Publicado em 2 de abril de 2019 às 06:00

- Atualizado há um ano

. Crédito: Morgana Lima

As informações que acessamos nas redes sociais, canais de streaming ou sites sempre carregam  uma grande quantidade de propagandas  dos mais variados gêneros. É impossível acessar o YouTube, mesmo por poucos minutos, e não ser bombardeado pelos anúncios.

Mas nem sempre essa publicidade é percebida. Principalmente pelas crianças, atraídos como imãs. A liberdade para criação de novos conteúdos na internet abriu espaço para que a publicidade de nicho, principalmente voltada para o público infantil, encontrasse novos mecanismos de divulgação, que muitas vezes aparecem de forma abusiva para os pequenos usuários da internet.

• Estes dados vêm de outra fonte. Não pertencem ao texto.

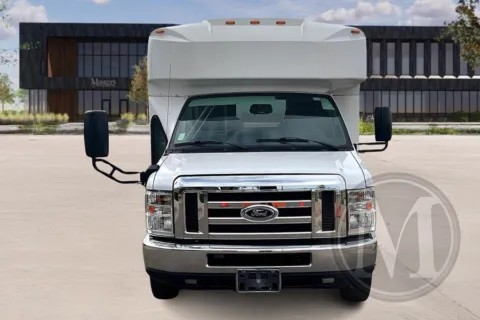 Photos of 2019 Ford E350 for sale in Denver, CO at Master's Transportation - Denver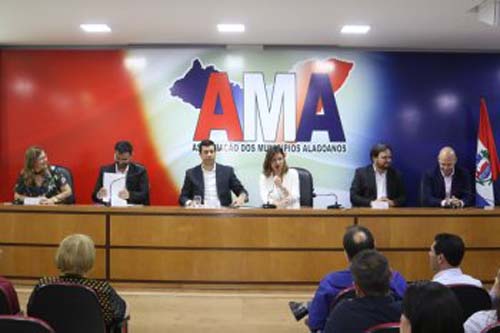 Prefeitos participam de mobilização pela aprovação da cessão onerosa em Brasília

Para regulamentar e controlar esses conteúdos patrocinados, a legislação brasileira se apoia em artigos da Constituição Federal, do Código de Defesa do Consumidor e no Estatuto da Criança e do Adolescente (ECA). Além do Marco Legal da Primeira Infância, como explica a advogada Ekaterine Karageorgiadis, que coordena o programa Criança Consumo.“Não necessariamente as crianças querem brinquedos realmente novos de uma loja, algumas delas só querem brinquedos diferentes”.  Ekaterine Karageorgiadis, advogadaA iniciativa é uma das vertentes trabalhadas pelo Instituto Alana, entidade não governamental responsável por atuar contra a circulação de conteúdo abusivo para crianças, em diversos meios. “O grande foco do instituto e do programa Criança Consumo é gerar o debate público, ouvindo diversas vozes da sociedade e das empresas, para não limitar o debate em um dos polos”, explica Ekaterine.

Atuando desde 94, o Alana vem se especializando cada vez mais no conteúdo propagado na internet, principalmente em plataformas como o YouTube: “O impacto desses canais é muito grande e isso acaba influenciando também no desenvolvimento de novos produtos, que se baseiam no público dos youtubers, principalmente os mirins”.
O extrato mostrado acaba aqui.